Khumbudzo Ntshavheni, South Africa’s minister of communications and digital technologies, has approved a proposal to introduce a TV license amnesty in the country. Ntshavheni stated the amnesty would provide the South African Broadcasting Corporation (SABC) more breathing room to cope with its financials when she spoke to a parliamentary committee on November 17, 2021.
“We are awaiting National Treasury’s approval so that we may bring the matter before parliament to ensure that there is an amnesty on TV licenses.” “We feel that if the SABC is granted (this amnesty), they will be able to take advantage of the opportunity to improve their financial situation,” Ntshavheni said.
Employing debt collection companies to follow up on non-payments currently costs the SABC money. A clean slate could potentially boost collections by relieving citizens of the burden of repaying non-payments. Amnesty might also help the SABC move to a new collection model that focuses on a general levy rather than individual licenses.

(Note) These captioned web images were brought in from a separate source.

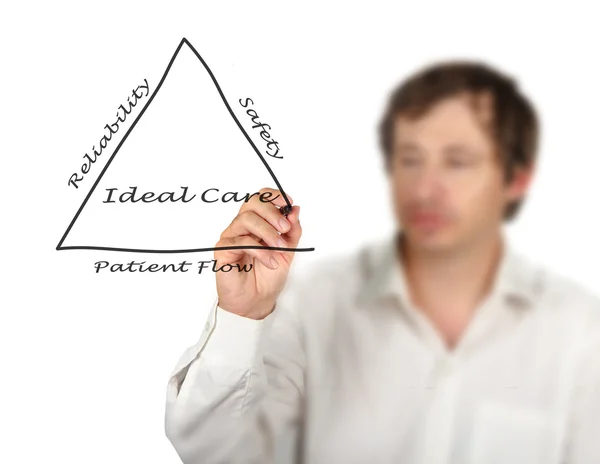 Diagram of ideal care — Stock Photo, Image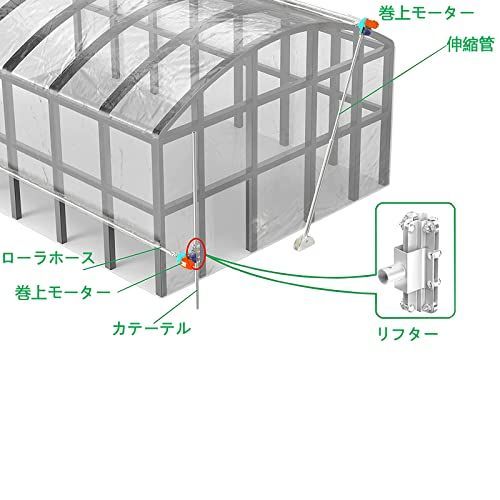 巻上モーター*1 自動式フィルム巻上げ換気装置 24V 電動巻き上げ機 100W 4.0rpm 100NM 農業温室 ビニールハウス用  (巻上モーター*1) - メルカリ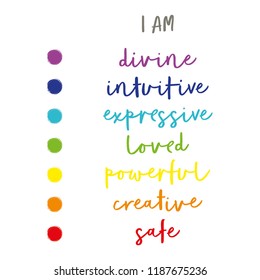 Chakra Symbols with words for I am yoga meditation
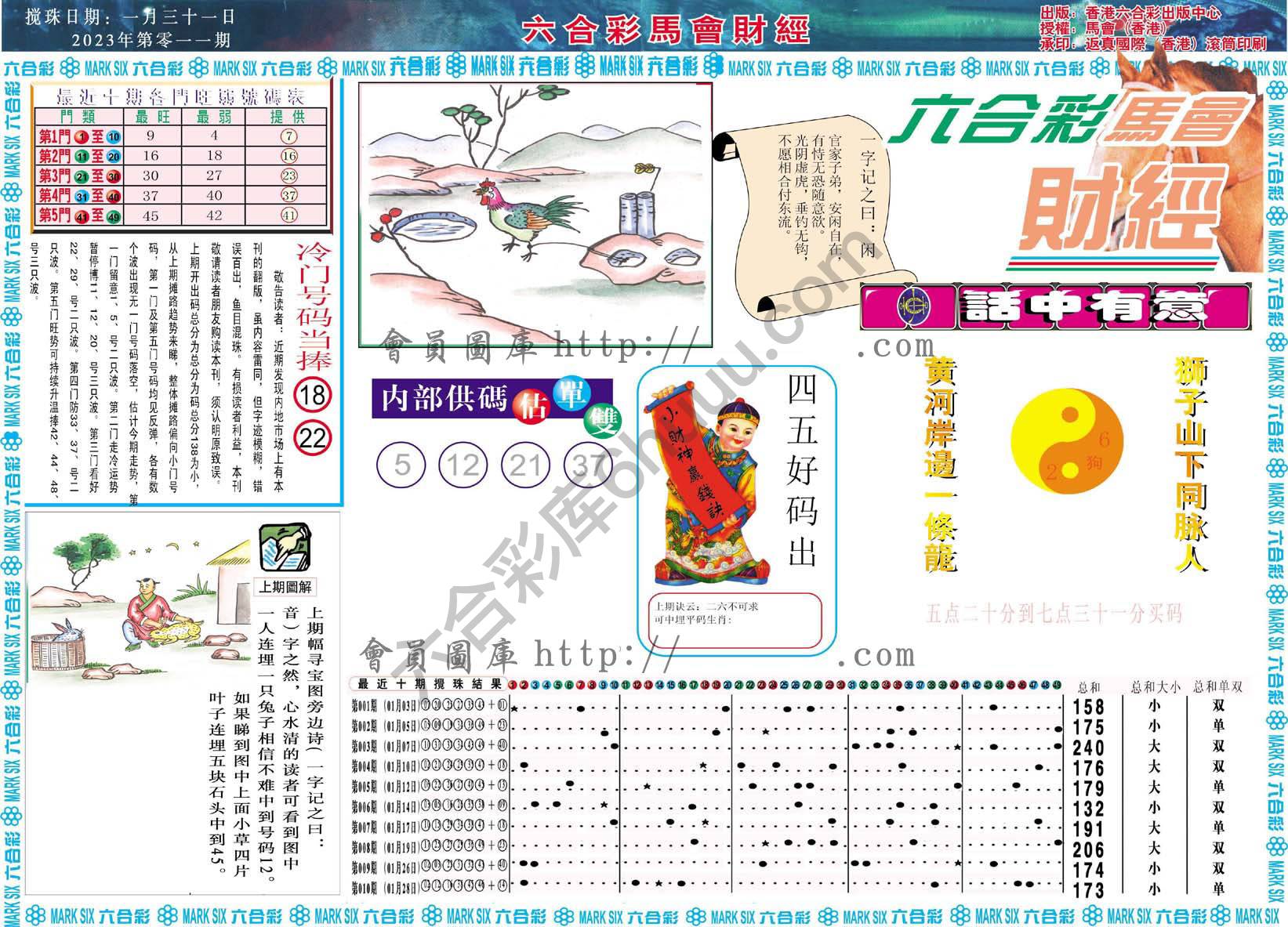 六合彩马会财经
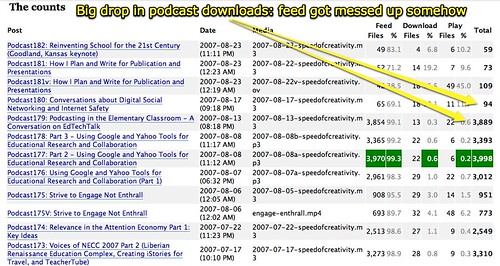 Big drop in podcast downloads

In response to queries, a SABC representative told a BMA Source that the national broadcaster had been in contact with Treasury about removing regulatory impediments but declined to comment directly on the issue of a license amnesty.
According to the South African Broadcasting Corporation’s (SABC) annual report for 2020/2021, 82 per cent of TV license holders in South Africa failed to pay the yearly licence fee. In total, 2.2 million TV license holders could settle their fees in whole or in part against a database of 10.3 million TV license holders.
Under the current regulations, first-time applicants for a television licence must pay the full annual charge of US$ 17,13. Renewals must be paid annually before the license expires, with users having the option of paying US$ 17,06 annually or US$ 1,81 per month.